Monday, February 20, 2017

Bayes Area

tl;dr: Bayesian Basketball Dashboard here.

One of the themes of my career to this point, from my doctoral research to being a data scientist in industry, to writing this very blog, is the interaction between substantive expertise and quantitative analysis. In some disciplines such as scientific research, these areas two domains are inextricably linked; a scientist with domain expertise proposes a model or hypothesis for how some phenomena works, and then uses data to confirm or reject the hypothesis. In other disciplines, there has been a tension between the two. For example, Nate Silver describes a conflict between traditional political pundits and his form of data journalism.

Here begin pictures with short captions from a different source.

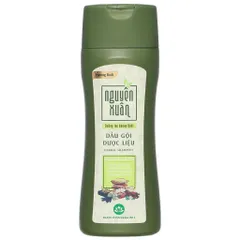 Dầu gội dược liệu Nguyên Xuân hương Bưởi (Chai 250ml) giúp dưỡng tóc mềm mượt, giảm gãy rụng và nuôi dưỡng da đầu.
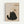 A minimalist illustration of a black cat with yellow eyes sitting upright, looking up at a ball of yarn dangling from a wooden platform above. The cat has a textured, sketchy appearance against a beige background. "Meow" is written in small text at the bottom left. The artwork is displayed in a light wood frame on a white wall.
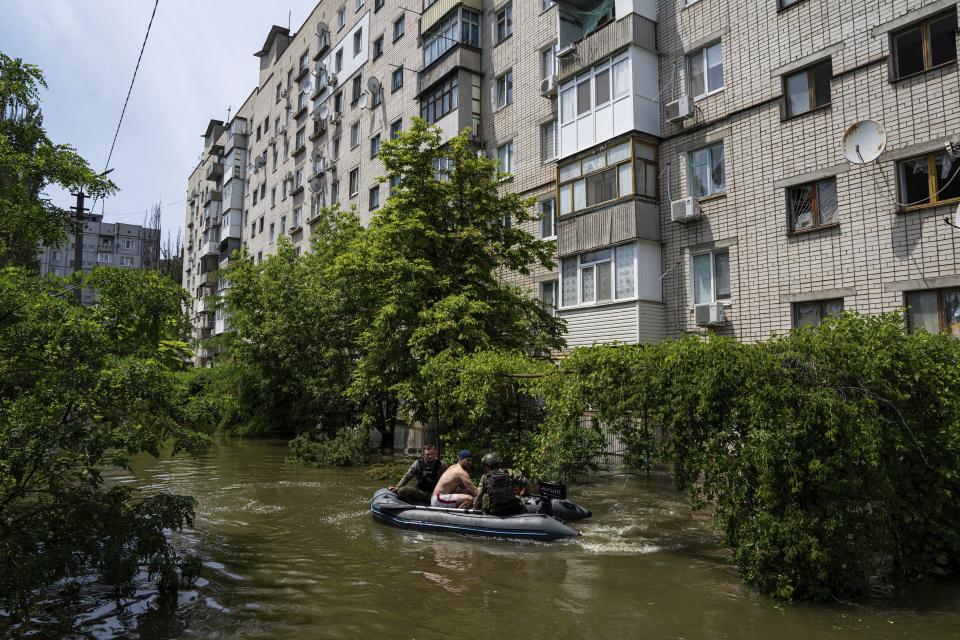 Ukrainian servicemen evacuate a man by a boat from a flooded neighborhood in Kherson, Ukraine, Thursday, June 8, 2023. Floodwaters from a collapsed dam kept rising in southern Ukraine on Wednesday, forcing hundreds of people to flee their homes in a major emergency operation that brought a dramatic new dimension to the war with Russia, now in its 16th month. (AP Photo/Evgeniy Maloletka)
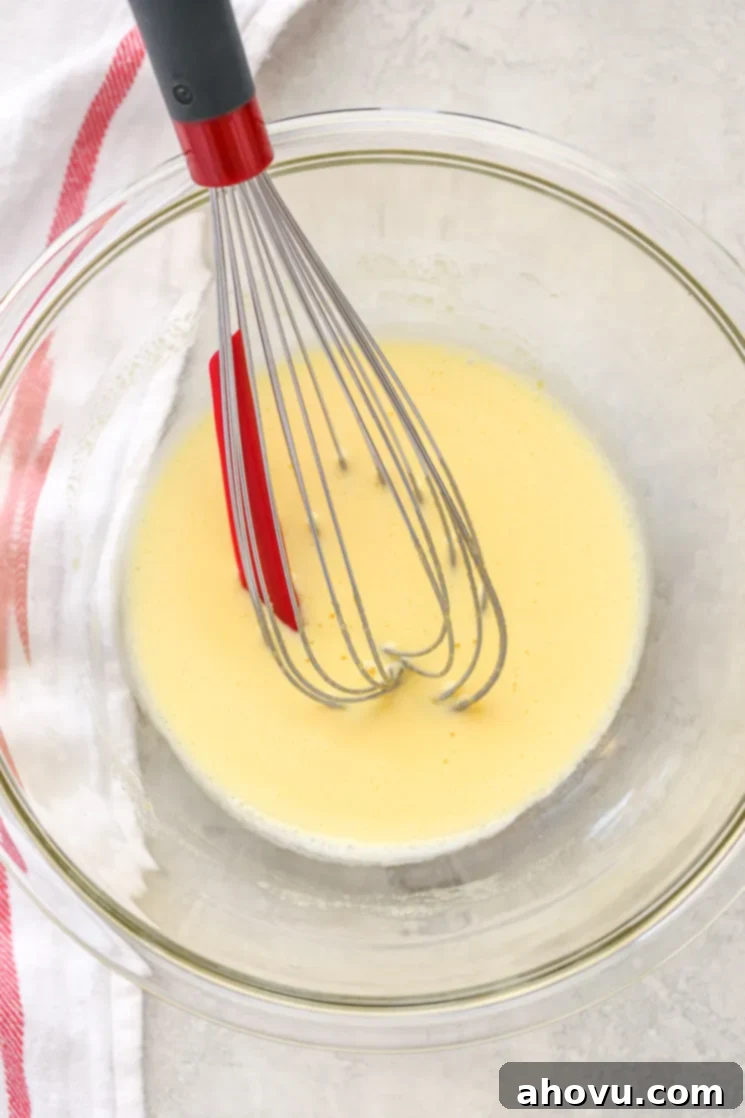 A clear glass bowl filled with egg yolks whisked with sugar and a white napkin on the side.
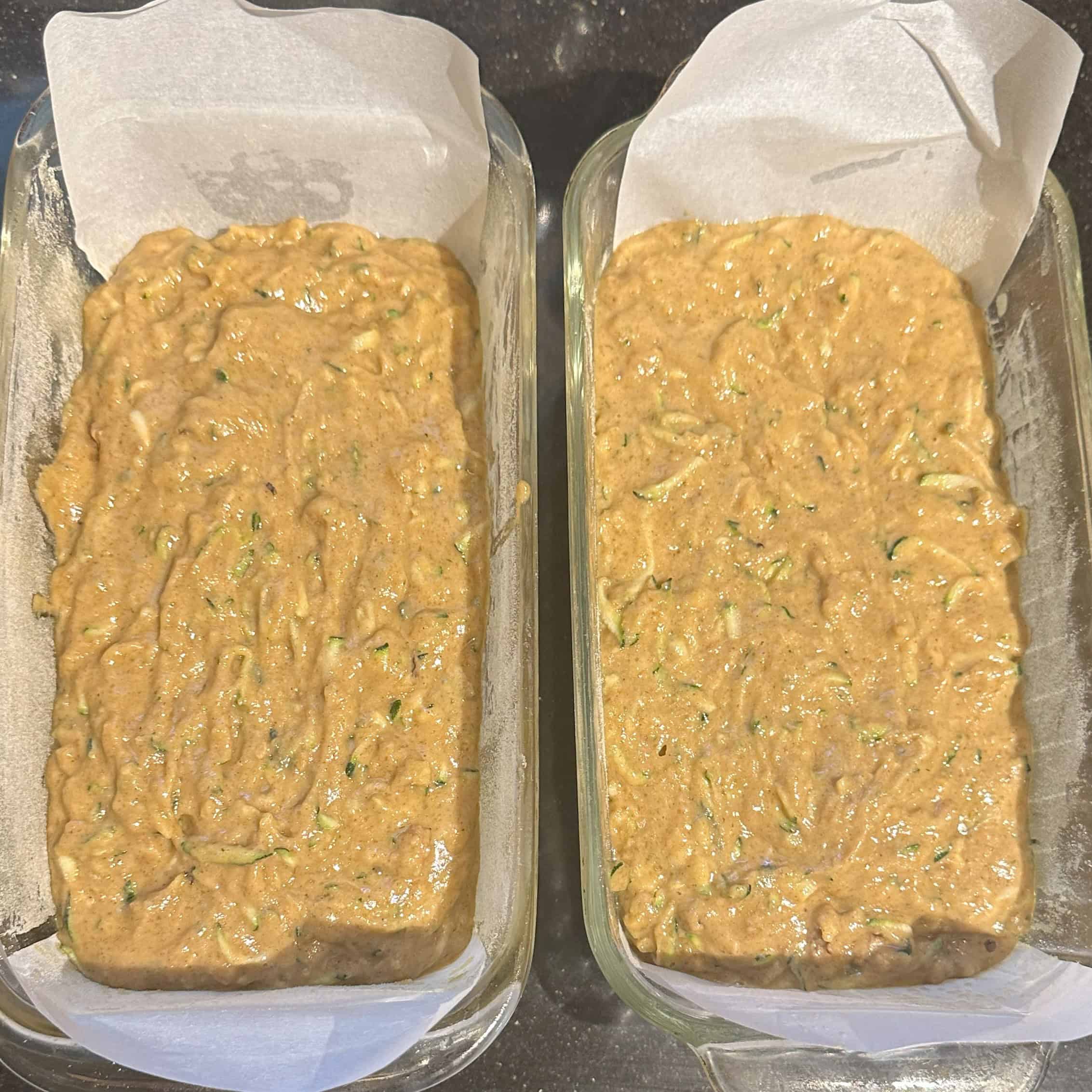 Zucchini bread batter in two loaf pans ready for baking.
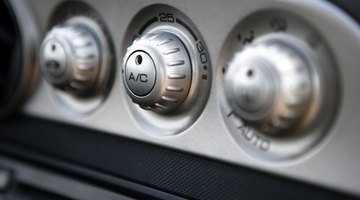 Knobs and controls on dashboard of automobile
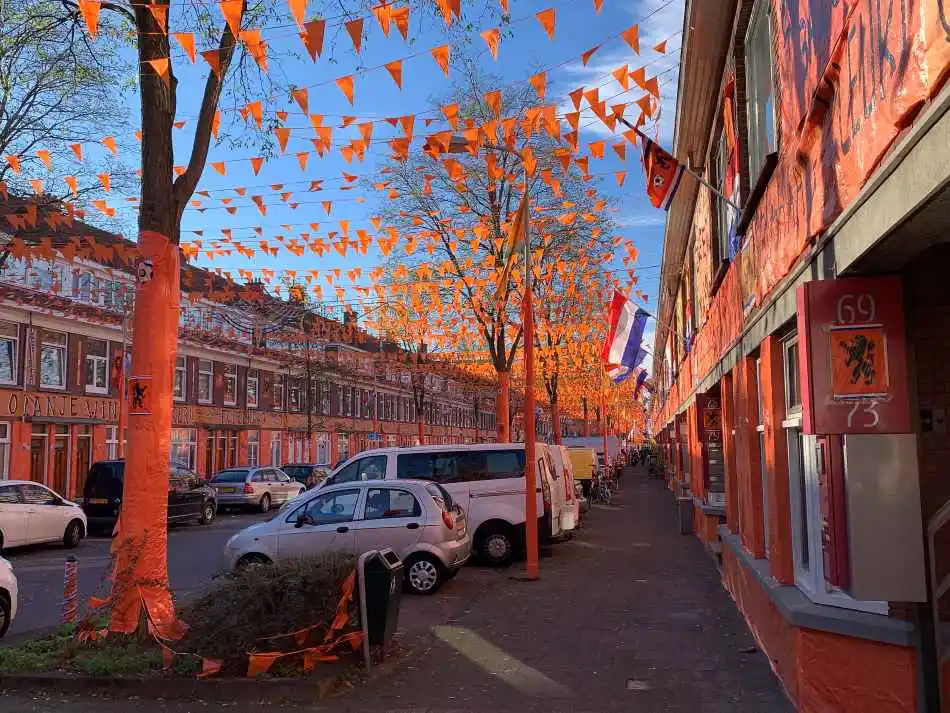 A Dutch street exuberantly decorated with orange flags and bunting in celebration of the football world championships, showcasing national pride with Dutch flags hanging amidst a clear blue sky.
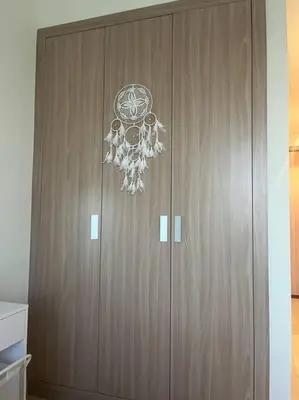 a large wooden cabinet with a chandelier on it at The Perfect Couples Nest in Dubai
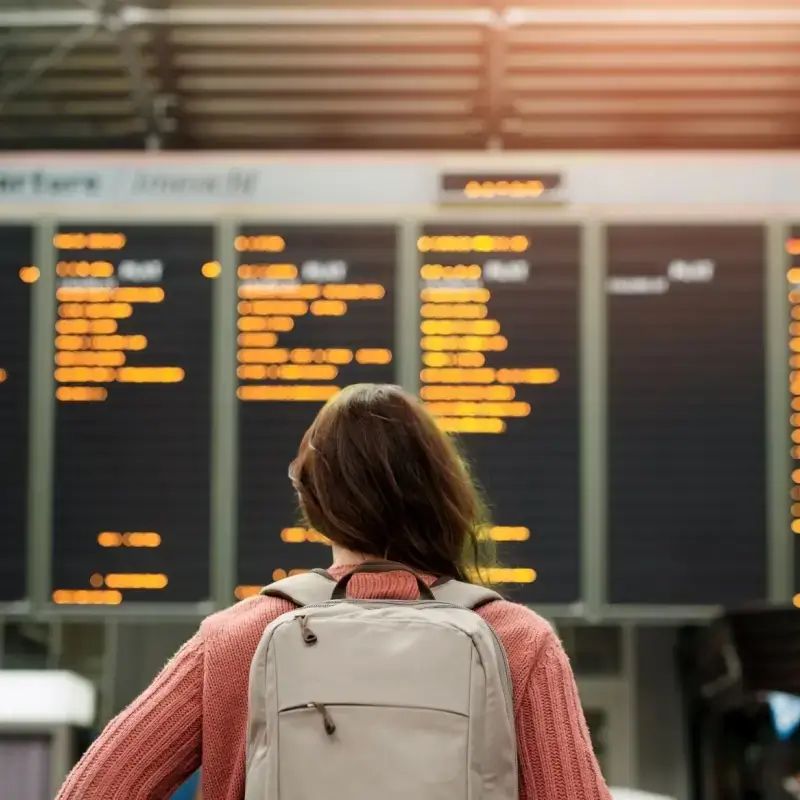 Woman looking at flight schedule at airport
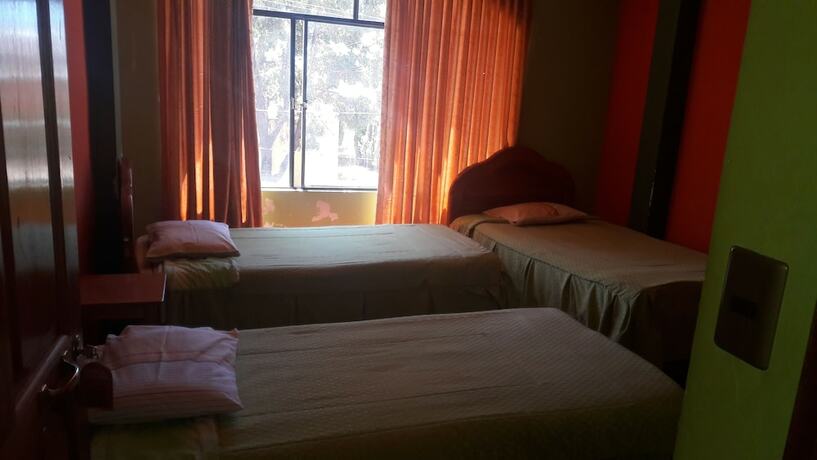 Imagen de la habitación del Hotel Hostal Olas del Titicaca - Hostel. Foto 16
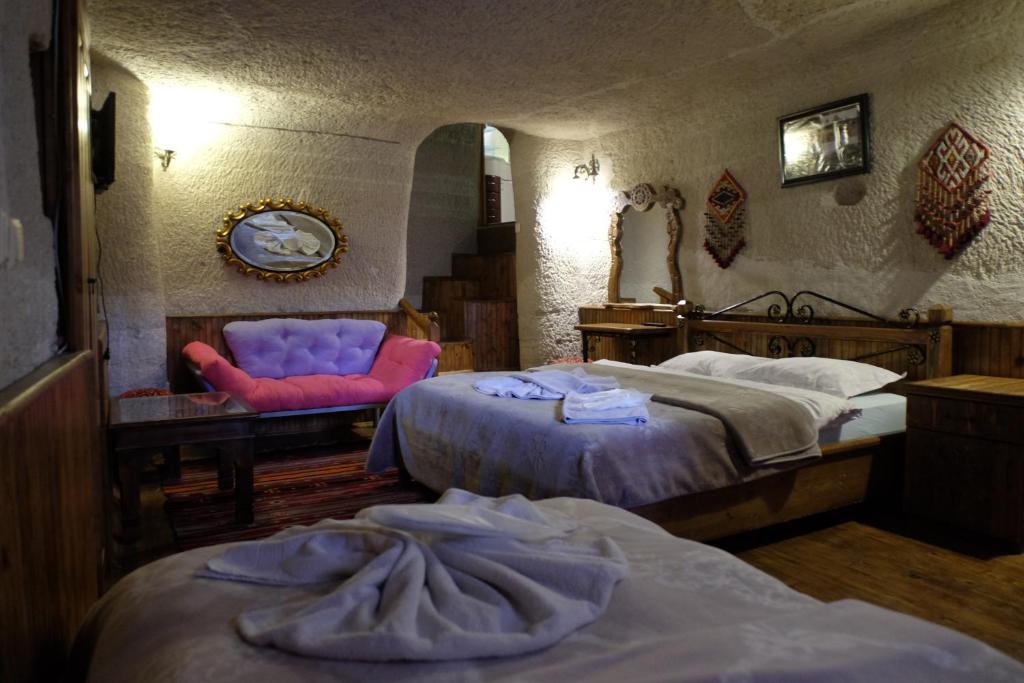 Postel nebo postele na pokoji v ubytování Anatolia cave hotel Pension
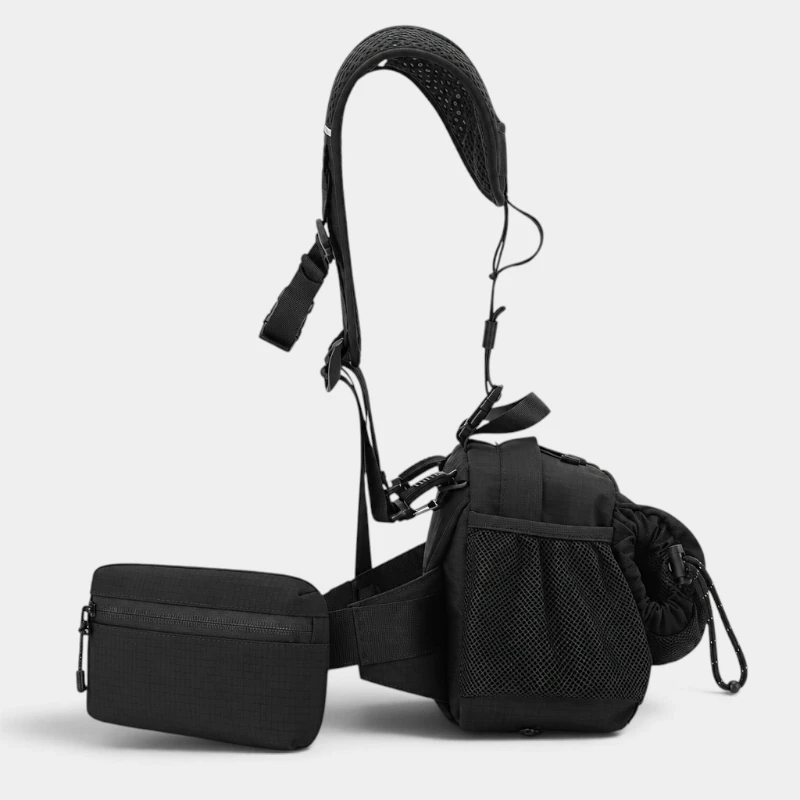 Sac banane en nylon noir vu de côté sur son harnais avec poche latérale en filet et pochette zippée sur la ceinture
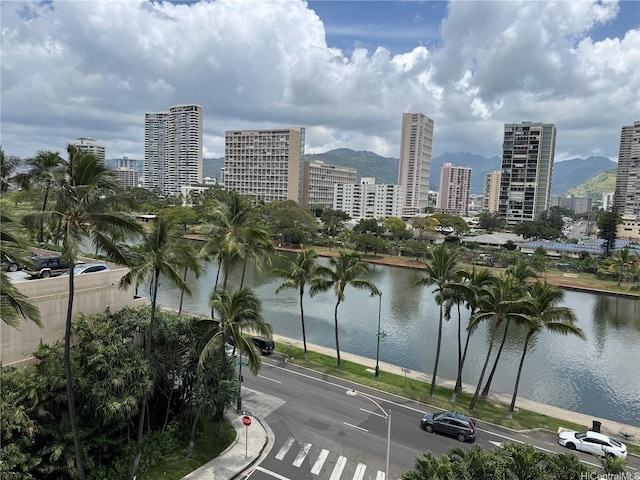 water view with a city view and a mountain view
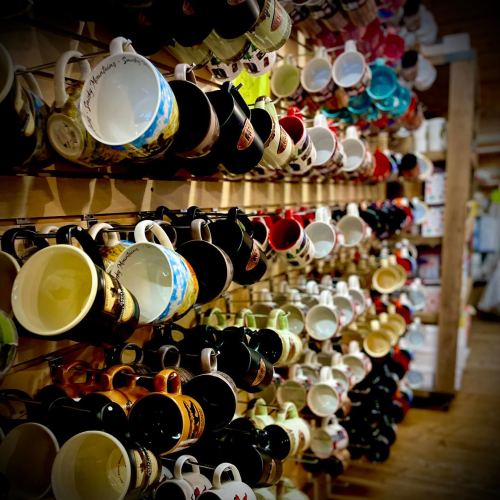 A colorful display of various mugs hanging on a wooden wall, showcasing different designs and colors.
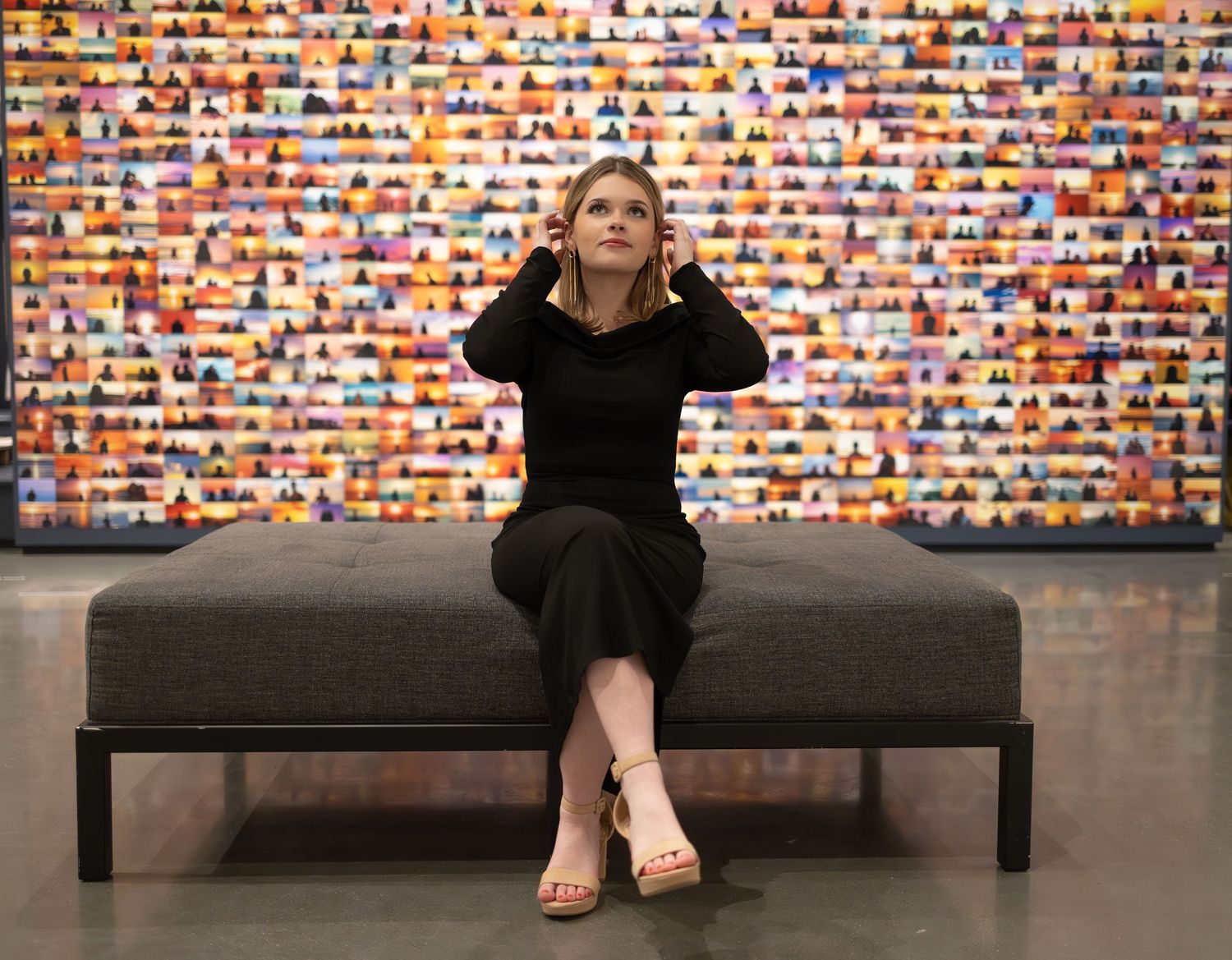 Woman in black dress sits on bench against colorful mosaic wall display in art gallery.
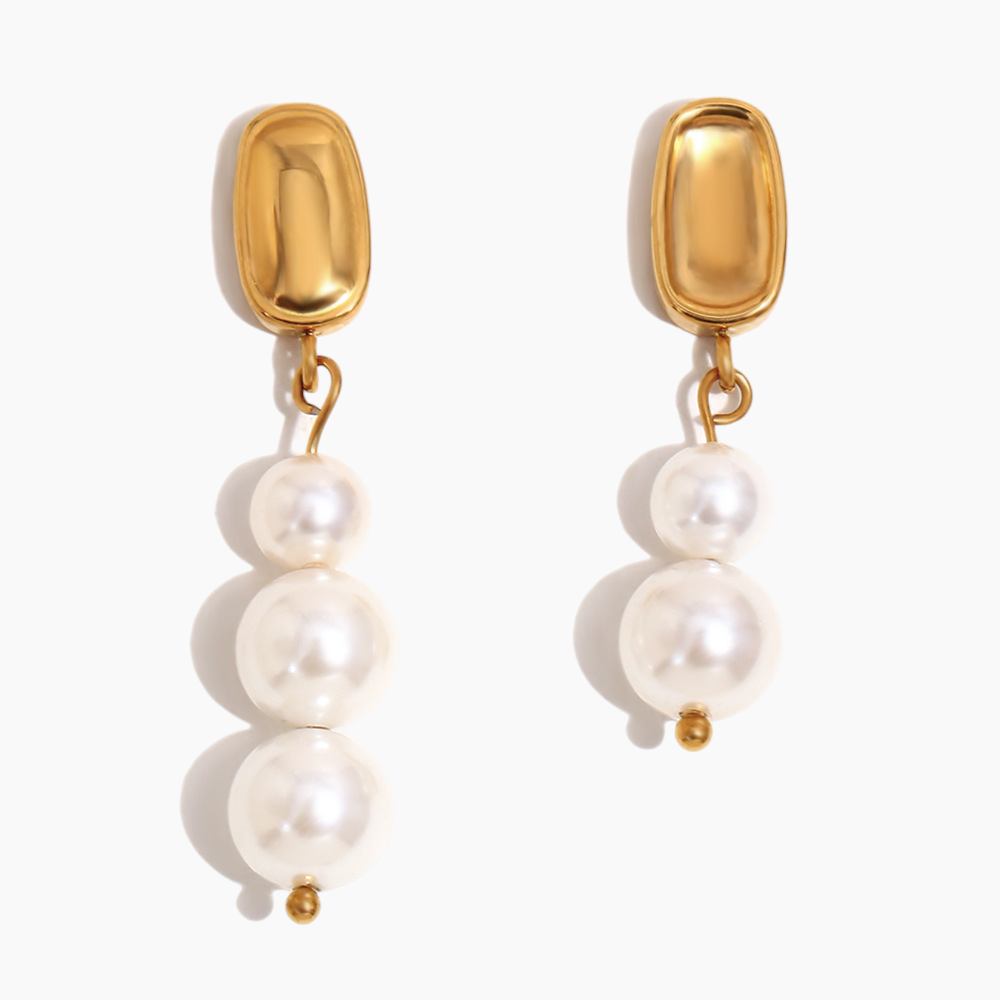Close-up of Celeste pearl drop earrings with gold-plated finish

If you know me, its no surprise that I care deeply about data. I even feel silly writing that sentence. It seems obvious. Ever since I wrote a senior thesis in college where I analyzed auction prices for sulfur dioxide permits, I have loved getting my hands on data and learning from it. But it also seems like an empty sentence; data is everywhere and people use it in countless ways. To say that you care about data 2017 feels like saying a fish cares about water.

What I think others would find a little surprising is my willingness to overlook or go beyond data and trust human expertise. Just because I have numbers stored somewhere doesn't mean I have evidence. Obviously, data can be misleading or biased in someway. But what I believe is that in the absence of good data, people can be (in the right contexts) very good at integrating various pieces of qualitative and quantitative information and forming judgements.